A study of nearly 4,500 former University of North Carolina students (intended to be a somewhat uniform socio-economic group) [AMERICAN JOURNAL OF CLINICAL NUTRITION; Barefoot,JC; 76:466-472 (2002)]] sought to discover the possible confounding lifestyle variables (masked by "proxy variables"). Drinkers were distinguished from nondrinkers and drinkers were divided into those who prefer wine, beer, spirits or have no preference among types of alcoholic beverages. A tabulation of health behaviors by sex and beverage preference included the following:
BEHAVIOR | NONDRINKER | PREFER WINE | PREFER BEER | PREFER SPIRITS | NO PREFERENCE |
---|---|---|---|---|---|
Female Smokers (%) | 7.0 | 6.6 | 12.8 | 15.8 | 8.2 |
Male Smokers (%) | 9.8 | 6.1 | 9.6 | 22.0 | 9.8 |
Female Exercisers (%) | 31.3 | 43.4 | 39.5 | 34.9 | 42.6 |
Male Exercisers (%) | 39.8 | 54.0 | 53.3 | 47.3 | 54.1 |
Wine drinkers would clearly be the healthiest subset insofar as they smoke less and engage in more aerobic exercise.

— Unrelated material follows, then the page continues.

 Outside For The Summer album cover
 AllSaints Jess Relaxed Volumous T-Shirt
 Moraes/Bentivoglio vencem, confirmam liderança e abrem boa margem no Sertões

But why would non-drinkers smoke more than wine-drinkers and exercise less than any of the other groups? Upon further investigation, only 27% of the nondrinkers said they had never been drinkers and 27% provided no information about their past drinking or non-drinking habits. The vast majority of alcoholics are smokers — who very often continue to smoke while abstaining from alcohol. This would also be true of non-alcoholic ex-drinkers who stopped drinking because of health problems. It would be no surprise to find higher rates of cardiovascular disease among nondrinkers who smoke more than light drinkers — an effect not due to the difference in drinking behavior. Not surprisingly, the investigators discovered that the lifelong teetotalers among the nondrinkers had lower rates of smoking. Additionally, even among the nondrinkers who did not have a previous history of drinking there may have been those who did not drink because of concern about interaction with prescription drugs.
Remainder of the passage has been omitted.